We use Adjusted Sales, Adjusted Operating Income, Adjusted EBITDA and Adjusted Net Income as supplemental measures of our operating profitability and to operate and control our cash operating costs to evaluate our performance. These financial metrics are not measurements of financial performance under generally accepted accounting principles in the United States, or U.S. GAAP. We believe the presentation of these metrics is appropriate to provide additional information to investors about our operating performance. Our presentation of these metrics has limitations as an analytical tool, and should not be considered in isolation or as a substitute for analysis of our results as reported under U.S. GAAP. You should not consider these measures as alternatives to sales, operating income or net income, determined in accordance with U.S. GAAP. Adjusted Sales, Adjusted Operating Income, Adjusted EBITDA and Adjusted Net Income, as presented by us, may not be comparable to other similarly titled measures of other companies because not all companies use identical calculations.

Explanatory Notes to the Non-GAAP Schedules 

Amortization of acquisition related customer relationship intangible assets and depreciation of property and equipment resulting from the Transaction - adjustments to eliminate the change in amortization and depreciation resulting from the purchase accounting applied to the January 26, 2007 going-private transaction executed with investment funds affiliated with GS Capital Partners, CCMP Capital Advisors, LLC and J.P. Morgan Partners, LLC, Thomas H. Lee Partners, L.P. and Warburg Pincus LLC as well as approximately 250 senior management personnel.

Share-based compensation - adjustments to eliminate compensation expense related to the company's issuances of share-based awards and the related employer payroll tax expense incurred by the company when employees exercise in the money stock options or vest in restricted stock awards. This adjustment excludes the expense related to the modification of missed year options in connection with the initial public offering which are included in the Initial public offering and related expenses adjustment noted below.

Effect of currency translation - adjustments to eliminate the impact that fluctuations in currency translation rates had on the comparative results by presenting the periods on a constant currency basis.

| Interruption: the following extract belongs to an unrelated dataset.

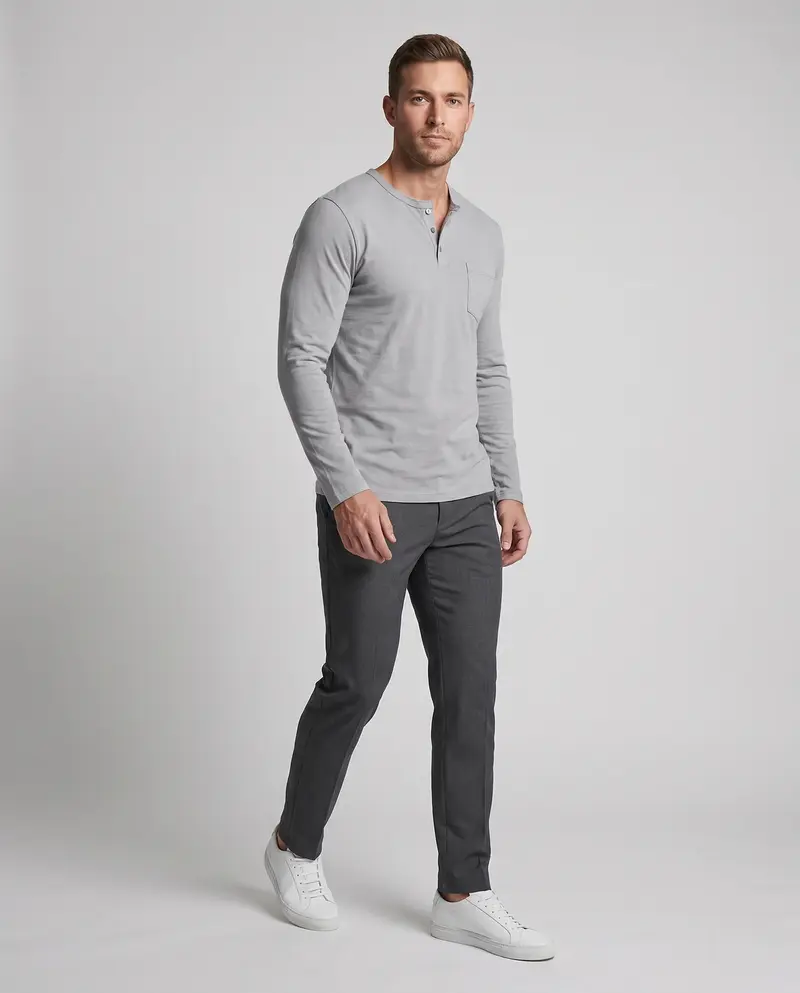 Herren Langarm-Henley-Shirt mit Brusttasche und dezenter Knopfleiste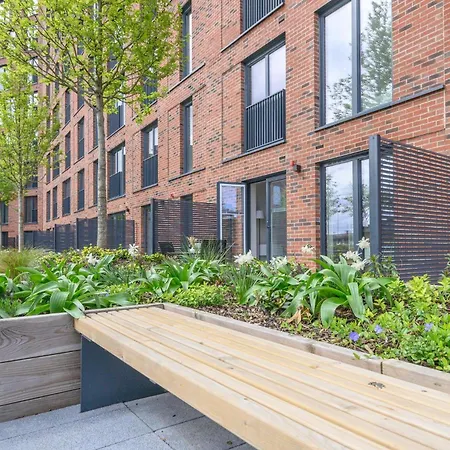 Spot For Couplesfamilies - Pass The Keys Apartment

Severance and other charges - adjustments to eliminate severance expenses and other costs incurred in the applicable period such as costs incurred to start-up our Business Service Center in Nashville, TN ($6.4 million for the fourth quarter of 2014 and $24.5 million for the year-to-date 2014 and $2.1 million for the fourth quarter and year-to-date 2013), organizational streamlining initiatives ($20.9 million for the fourth quarter of 2014 and $21.3 million for the year-to-date 2014 and $16.5 million for the fourth quarter of 2013 and $71.2 million for the year-to-date 2013), goodwill impairments and asset write-offs ($0.4 million for the fourth quarter of 2013 and $23.6 million for the year-to-date 2013) and other transformational initiatives ($4.3 million for the fourth quarter of 2014 and $7.8 million for the year-to-date 2014 and $0.6 million for the fourth quarter of 2013 and $16.6 million for the year-to-date 2013).

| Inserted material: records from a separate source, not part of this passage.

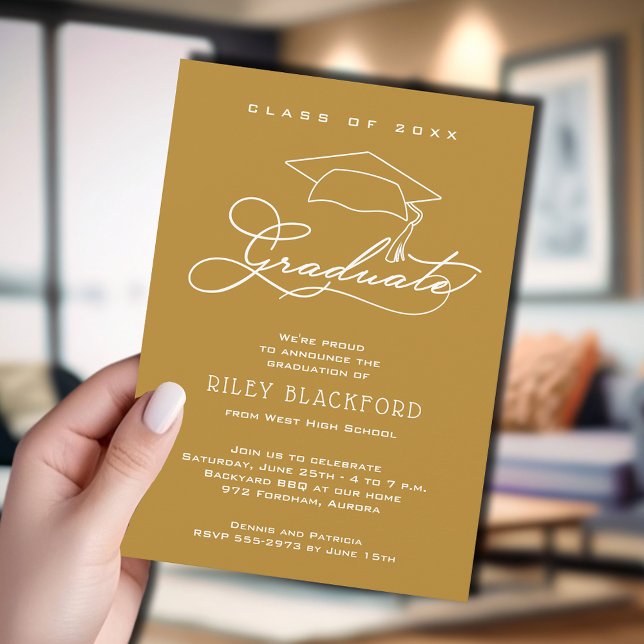 Faire-part Casquette de remise de diplôme moderne or (Gold graduation announcement cards feature your details in chic white lettering.)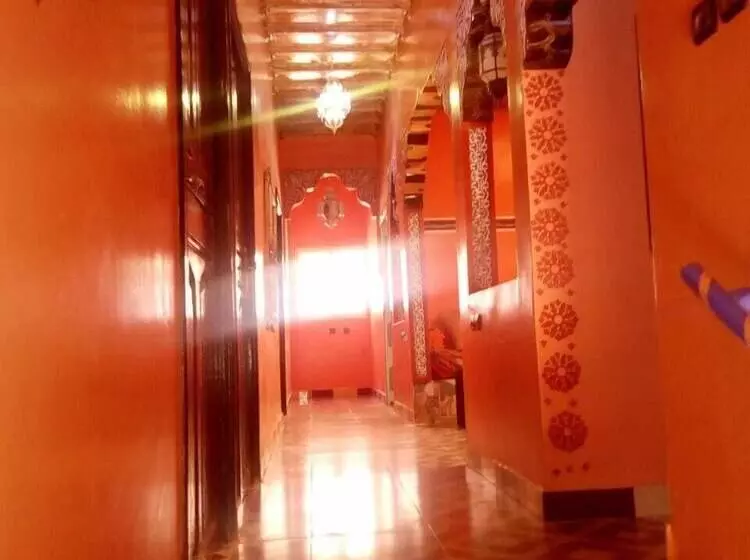 Riad Merzouga Sarah Camp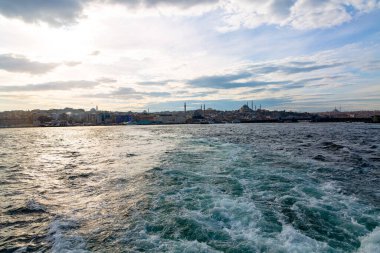 Türkiye 'deki Boğaz' dan bir kargo gemisi geçiyor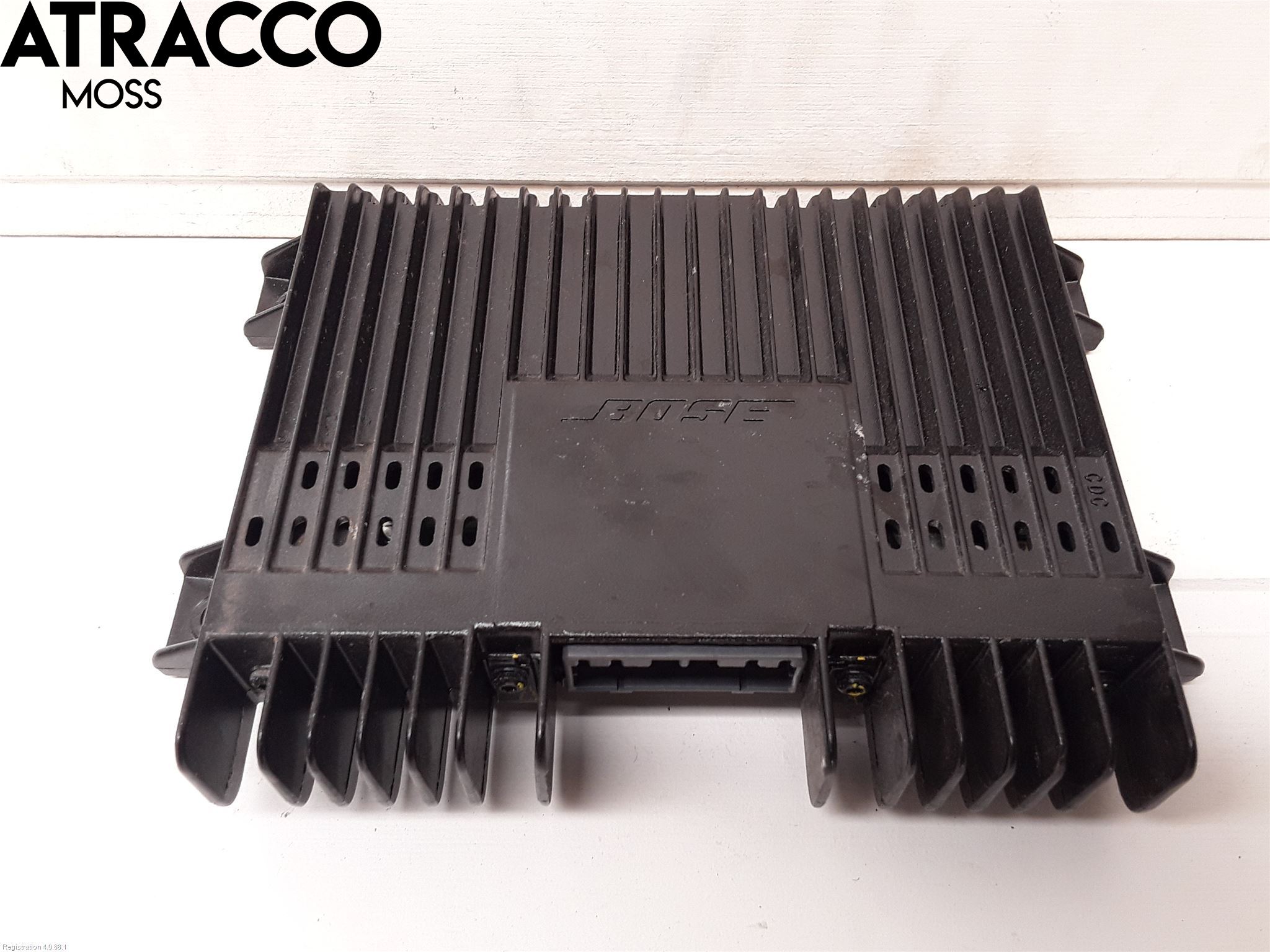 Audi A3/S3     96-03 Radio-Stereo Förstärkare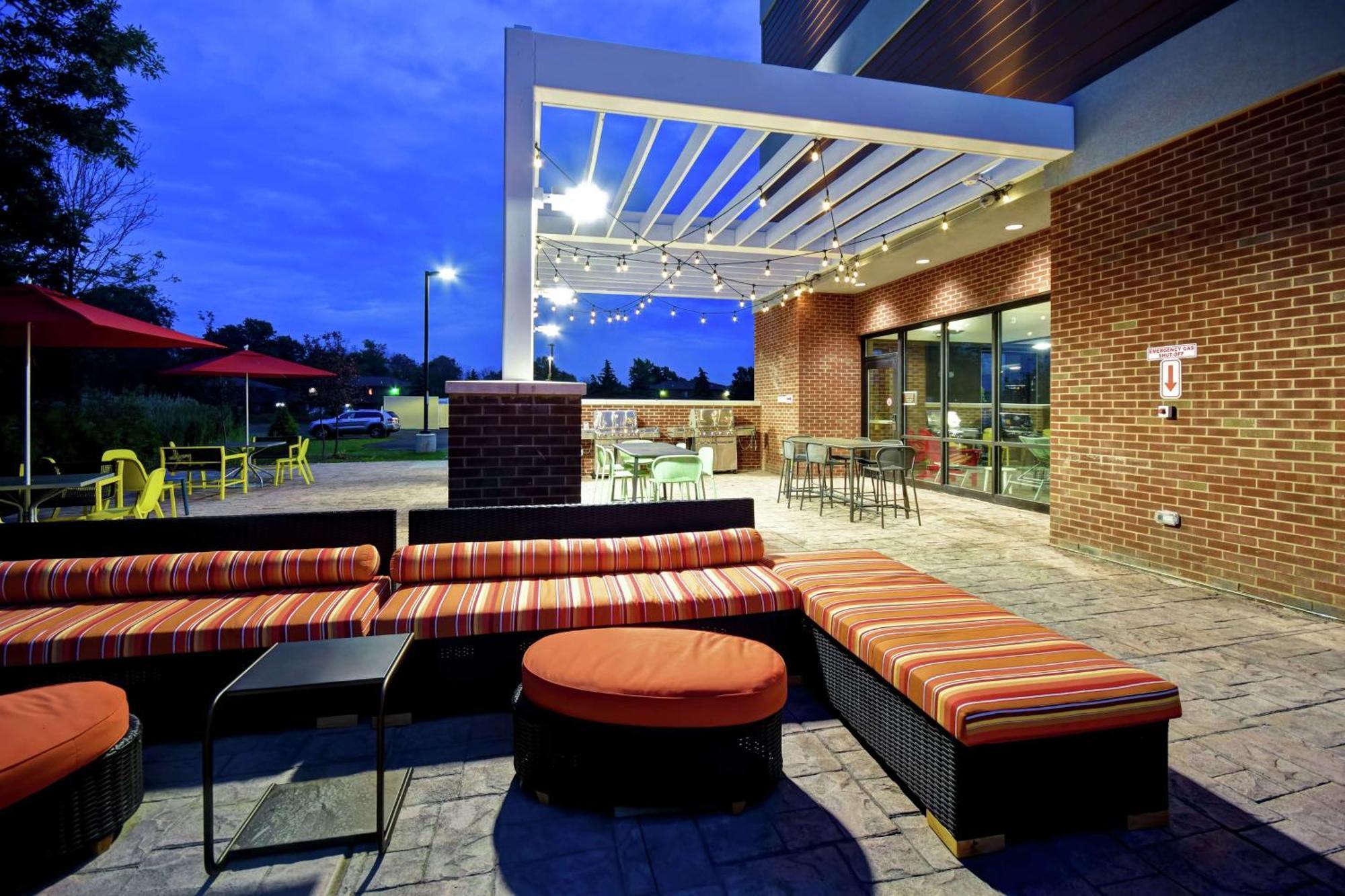 Home2 Suites By Hilton Amherst Buffalo Экстерьер фото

Effects of acquisitions and divestitures - adjustments to eliminate the impact that acquisitions and divestitures had on the comparative periods by only presenting the acquired or divested businesses for the same periods of time in each period of the comparison.

Branding - adjustments to eliminate the expenses incurred in the period for the Aramark rebranding, such as costs related to the logo redesign, painting of trucks, changing signage, advertising, an internal new brand roll-out meeting, including travel and lodging expenses for company employees to attend this meeting.

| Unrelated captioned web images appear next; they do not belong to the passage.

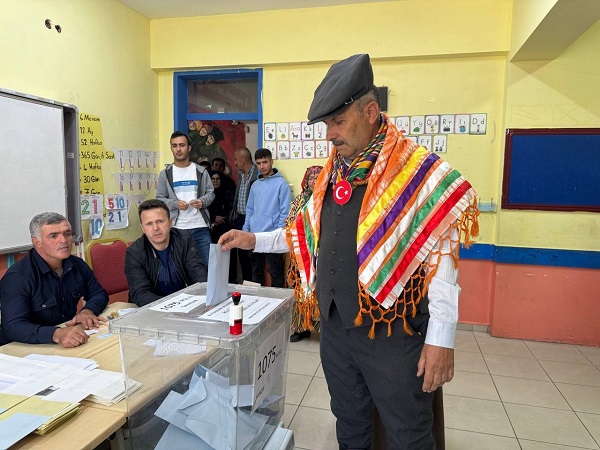 Foto - Yöresel kıyafetini giyen soluğu sandıkta aldı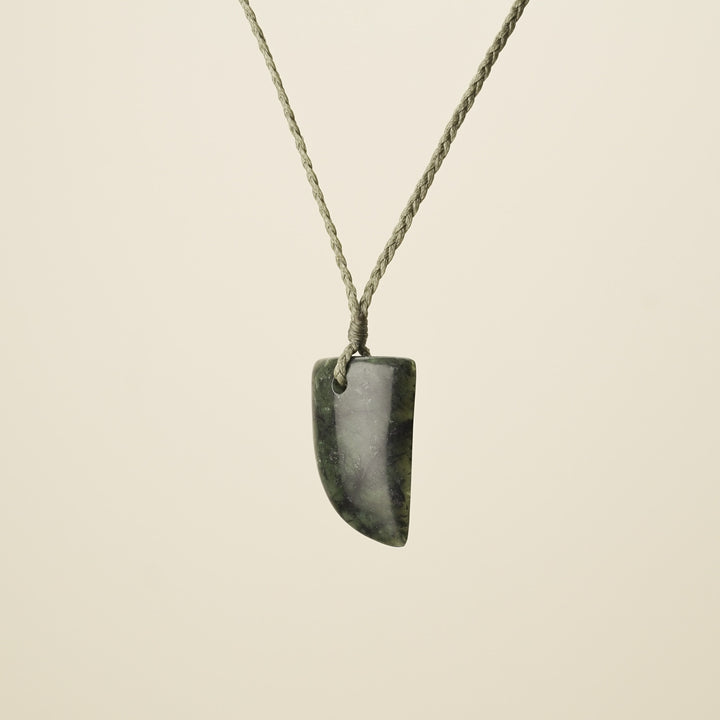 Niho Tooth Pounamu Medium Kawakawa Pendant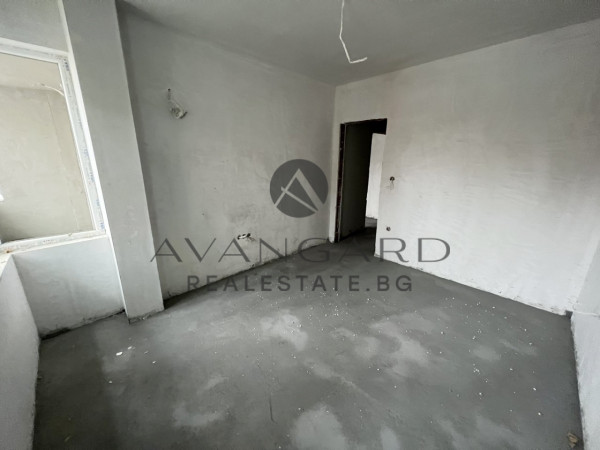 TWO-ROOM APARTMENT IN FRONT OF ACT 16 / Polyclinic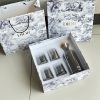 DIOR ボトル ホワイト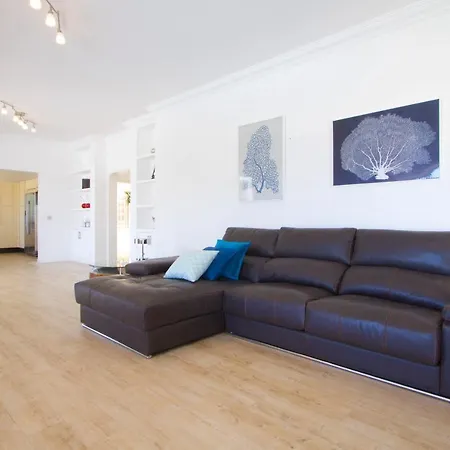 Alegria, Modern 3 Bed In Villa *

Initial public offering and related expenses - adjustments to eliminate non-cash compensation expense ($50.9 million for year-to-date 2014) related to the modification of missed year options in connection with the initial public offering, bonuses paid ($4.3 million for year-to-date 2014) to select senior management individuals related to the successful completion of the initial public offering and other costs attributable to the completion of the initial public offering.

Gains, losses and settlements impacting comparability - adjustments to eliminate certain transactions that are not indicative of our ongoing operational performance such as the loss on the McKinley Chalet divestiture ($6.7 million for year-to-date 2014), insurance reserve adjustments due to favorable claims experience ($2.5 million for the fourth quarter of 2014 and $8.3 million for the year-to-date 2014 and $1.7 million for the fourth quarter of 2013 and $6.2 for the year-to-date 2013), multiemployer pension plan withdrawal charges ($3.2 million for the fourth quarter of 2013 and $5.3 million for the year-to-date 2013), wage and hour settlement ($2.8 million for the year-to-date 2013), other income relating to the recovery of the Company's investment (possessory interest) at our National Park Service sites ($2.0 million for fourth quarter and year-to-date 2014 and $14.2 million for the year-to-date 2013), loss on the sale of an aircraft ($1.4 million for the fourth quarter and year-to-date 2013), expenses related to a secondary offering of common stock by certain of our stockholders in May of 2014 ($0.9 million for the year-to-date 2014), the impact of the change in fair value related to the gasoline and diesel agreements ($2.4 million for the fourth quarter of 2014 and $1.8 million for the year-to-date 2014 and $0.1 million for the fourth quarter of 2013 and $0.7 million for the year-to-date 2013), other asset write-offs ($1.1 million for the fourth quarter and year-to-date 2014) and other miscellaneous expenses.

Effects of refinancing on interest and other financing costs, net - adjustments to eliminate expenses associated with refinancing activities undertaken by the Company in the applicable period such as third party costs and non-cash charges for the write-offs of deferring financing costs.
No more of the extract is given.